There is nothing wrong with needing help. It is better to get help than to struggle and give up. Seek out a lactation consultant in your area while still pregnant and call if you need to. It was the best money I ever spent and meant my painful nipples finally healed. If budgets are tight consider buying less clothes or other unnecessary baby items or asking for the consultation to paid for as a gift. It is money well spent. LLL volunteers are often very helpful too so get their contact details early. 

4. Never Quit On A Bad Day
I have been told this many times and I am glad I listened. I have had days I questioned whether things would ever get easier. Days that the allure of a 3 hour gap between feeds sounds amazing but I am reminded that all babies are hard work. Formula is not the fix all many claim it to be and colic, reflux, constipation and wind are issues many formula fed babies struggle with. Anyone I have spoken too who gave up when things were bad regretted it so stick with it and take it one day at a time! 

5. Invest in a Sling
This is the best advice I got. I purchased a Moby Wrap during pregnancy and it has been a life saver on more than one occassion. While a clingy baby is not a breastfeeding issue per say, keeping baby close supports good milk production and bonding. It also means you get work done with 2 hands! You can buy one here

Update: One Year On (Almost!)

I cannot believe I am updating this post almost a full year later! It has been an amazing year, filled with pride, love and laughter. In typical maternal style I can't quite believe how fast this year has gone, we are just 2 weeks away from Amelia's first birthday and still feeding.

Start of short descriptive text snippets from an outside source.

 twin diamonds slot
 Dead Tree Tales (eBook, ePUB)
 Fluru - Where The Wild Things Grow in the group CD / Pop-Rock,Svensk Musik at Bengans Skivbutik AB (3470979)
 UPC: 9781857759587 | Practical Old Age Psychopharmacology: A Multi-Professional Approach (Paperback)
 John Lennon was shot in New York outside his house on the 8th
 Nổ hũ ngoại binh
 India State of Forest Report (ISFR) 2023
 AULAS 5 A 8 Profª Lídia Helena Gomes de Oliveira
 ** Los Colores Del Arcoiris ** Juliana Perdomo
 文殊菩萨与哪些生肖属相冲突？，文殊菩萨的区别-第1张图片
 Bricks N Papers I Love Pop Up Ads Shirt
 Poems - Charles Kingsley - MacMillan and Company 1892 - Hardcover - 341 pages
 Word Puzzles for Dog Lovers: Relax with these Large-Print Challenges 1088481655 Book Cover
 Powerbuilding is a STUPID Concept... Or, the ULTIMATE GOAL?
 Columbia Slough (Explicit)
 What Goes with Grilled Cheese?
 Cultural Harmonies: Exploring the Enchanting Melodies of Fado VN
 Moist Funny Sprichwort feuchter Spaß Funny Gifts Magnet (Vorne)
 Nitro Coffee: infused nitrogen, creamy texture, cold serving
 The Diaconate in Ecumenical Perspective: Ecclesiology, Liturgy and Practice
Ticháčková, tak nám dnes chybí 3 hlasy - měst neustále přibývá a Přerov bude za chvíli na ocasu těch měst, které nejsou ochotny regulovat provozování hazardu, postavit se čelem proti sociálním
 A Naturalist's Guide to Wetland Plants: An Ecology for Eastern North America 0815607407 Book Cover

When I wrote the post above at 6 weeks post partum I remember feeling I had turned an important corner, that I could finally envision continuing long term. I still had a lot of journeys to overcome but I am so happy and proud to have got this far.

My new advice?
Keep feeding, ignore the nay sayers and enjoy every milky cuddle. Surround yourself with people who understand and accept you. Avoid those who don't.

Because before you know it those babies will need us less and less and even the cluster feeds will feel nostalgic (seriously!)

Take it one day at a time, don't worry about "when" you are finishing and ignore what society thinks you "should" do.

When will I stop? I don't know. But I DO know it will be when my baby and I are both ready. And not a second before that.

Happy World Breastfeeding Week!

1 comment:

  1. Oddly, I found your site when struggling with being very hungry breastfeeding twins and struggling with not being able to eat any of my old 'go to' healthy snacks. So for me, your Christmas cake was a top tip. Agree with your other tips too. Also found networks of other breastfeeding mums helpful.